Alessio Bernabei per l’album «Senza Filtri»: «Ho bruciato le tappe ma adesso decido io»

L'intervista per il suo nuovo Ep. L'artista, per Sorrisi, si racconta a cuore aperto

7 Settembre 2018 alle 11:15

Alessio Bernabei ha festeggiato il 4 settembre i suoi primi 26 anni. In questi giorni, la sua carriera solista dopo i Dear Jack, si arricchisce non solo di un anno d'età, ma di un nuovo capitolo discografico. «Senza filtri», nei negozi dal 7 settembre 2018, ha tutta l'aria di un disco di rivoluzione, alla ricerca di un cambiamento netto, come quel ciuffo che questa estate si è tagliato, anche se non ha resistito molto senza.

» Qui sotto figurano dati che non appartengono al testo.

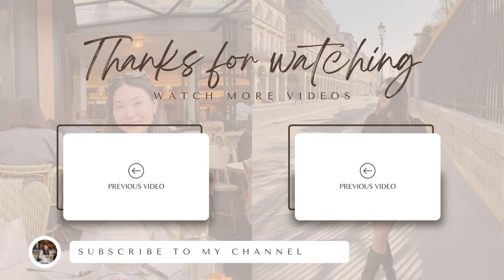And that concludes my $500 Dior Beauty Haul! If you guys want to stay updated with my life or see more shopping hauls, make sure to like and subscribe. I will see you guys in the next one. Bye, guys!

Alessio, lo dice da molti anni, vuole che il pubblico veda al di là del suo volto e probabilmente al di là del suo passato. Questo progetto, di fatto, è un Ep di sole sei canzoni molto distante dai suoni rock dei suoi inizi e dal mondo ballabile e divertente in cui si è tuffato negli ultimi anni con «Noi siamo infinito» e «Nel mezzo di un applauso». «Per me "Senza filtri" è come un album, non avevo altro da dire ora e ho in progetto di pubblicare più in là una seconda parte» dice. I nuovi brani quindi, non sono già pronti ma in lavorazione. Destinazione Sanremo? Chissà.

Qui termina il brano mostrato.